* _TASK TO COMPLETE_
Please transcribe the data that follows exactly, from its first line through the line that contains "Gucci Bamboo 1947".

* _EXERCISE INPUTS_
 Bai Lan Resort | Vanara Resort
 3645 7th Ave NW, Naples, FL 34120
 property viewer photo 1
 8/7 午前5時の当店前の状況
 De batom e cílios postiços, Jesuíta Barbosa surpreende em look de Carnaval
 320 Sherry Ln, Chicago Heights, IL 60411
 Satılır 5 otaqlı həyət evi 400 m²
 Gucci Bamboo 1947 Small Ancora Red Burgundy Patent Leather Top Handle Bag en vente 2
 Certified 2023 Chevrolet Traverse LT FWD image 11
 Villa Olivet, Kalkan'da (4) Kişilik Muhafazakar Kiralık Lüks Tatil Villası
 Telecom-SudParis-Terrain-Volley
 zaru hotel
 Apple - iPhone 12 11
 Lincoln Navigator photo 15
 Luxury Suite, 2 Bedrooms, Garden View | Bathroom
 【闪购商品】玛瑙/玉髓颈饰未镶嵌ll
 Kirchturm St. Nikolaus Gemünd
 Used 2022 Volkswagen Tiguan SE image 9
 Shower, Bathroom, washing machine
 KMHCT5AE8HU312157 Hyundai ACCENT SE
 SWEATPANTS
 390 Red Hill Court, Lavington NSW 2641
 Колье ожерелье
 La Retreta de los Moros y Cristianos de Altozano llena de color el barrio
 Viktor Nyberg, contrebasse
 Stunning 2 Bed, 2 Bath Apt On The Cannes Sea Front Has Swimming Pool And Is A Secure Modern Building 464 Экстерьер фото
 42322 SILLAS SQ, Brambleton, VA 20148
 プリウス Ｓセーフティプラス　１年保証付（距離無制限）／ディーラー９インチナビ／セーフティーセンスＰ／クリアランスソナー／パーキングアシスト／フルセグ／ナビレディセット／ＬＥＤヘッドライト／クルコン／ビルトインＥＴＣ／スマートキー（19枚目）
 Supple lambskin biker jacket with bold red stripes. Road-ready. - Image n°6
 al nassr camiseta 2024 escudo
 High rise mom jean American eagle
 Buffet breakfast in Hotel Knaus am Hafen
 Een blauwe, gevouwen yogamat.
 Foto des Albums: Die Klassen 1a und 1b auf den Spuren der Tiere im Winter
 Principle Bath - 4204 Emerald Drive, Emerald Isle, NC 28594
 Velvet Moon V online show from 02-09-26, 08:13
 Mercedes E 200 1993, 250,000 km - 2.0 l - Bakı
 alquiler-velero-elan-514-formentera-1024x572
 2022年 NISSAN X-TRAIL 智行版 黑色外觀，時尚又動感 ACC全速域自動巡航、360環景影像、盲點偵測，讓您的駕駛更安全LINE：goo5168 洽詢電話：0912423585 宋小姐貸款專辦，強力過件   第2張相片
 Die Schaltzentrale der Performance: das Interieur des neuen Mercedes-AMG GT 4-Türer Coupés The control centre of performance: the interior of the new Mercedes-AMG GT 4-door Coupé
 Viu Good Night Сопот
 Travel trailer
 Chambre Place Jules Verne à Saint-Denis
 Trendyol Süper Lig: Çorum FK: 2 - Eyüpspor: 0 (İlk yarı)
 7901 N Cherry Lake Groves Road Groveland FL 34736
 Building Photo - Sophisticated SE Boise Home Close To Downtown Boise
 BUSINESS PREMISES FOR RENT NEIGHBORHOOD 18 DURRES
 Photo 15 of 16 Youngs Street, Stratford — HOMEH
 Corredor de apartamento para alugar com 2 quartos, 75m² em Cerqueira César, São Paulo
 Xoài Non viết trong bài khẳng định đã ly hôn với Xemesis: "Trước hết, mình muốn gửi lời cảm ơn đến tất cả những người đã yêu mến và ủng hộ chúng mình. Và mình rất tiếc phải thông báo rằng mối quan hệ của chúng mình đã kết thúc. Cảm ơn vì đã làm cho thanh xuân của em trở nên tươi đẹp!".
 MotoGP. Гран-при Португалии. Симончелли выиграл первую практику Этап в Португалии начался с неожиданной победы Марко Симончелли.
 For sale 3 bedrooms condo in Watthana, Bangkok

* _ANSWER TO THIS EXERCISE_
 Bai Lan Resort | Vanara Resort
 3645 7th Ave NW, Naples, FL 34120
 property viewer photo 1
 8/7 午前5時の当店前の状況
 De batom e cílios postiços, Jesuíta Barbosa surpreende em look de Carnaval
 320 Sherry Ln, Chicago Heights, IL 60411
 Satılır 5 otaqlı həyət evi 400 m²
 Gucci Bamboo 1947 Small Ancora Red Burgundy Patent Leather Top Handle Bag en vente 2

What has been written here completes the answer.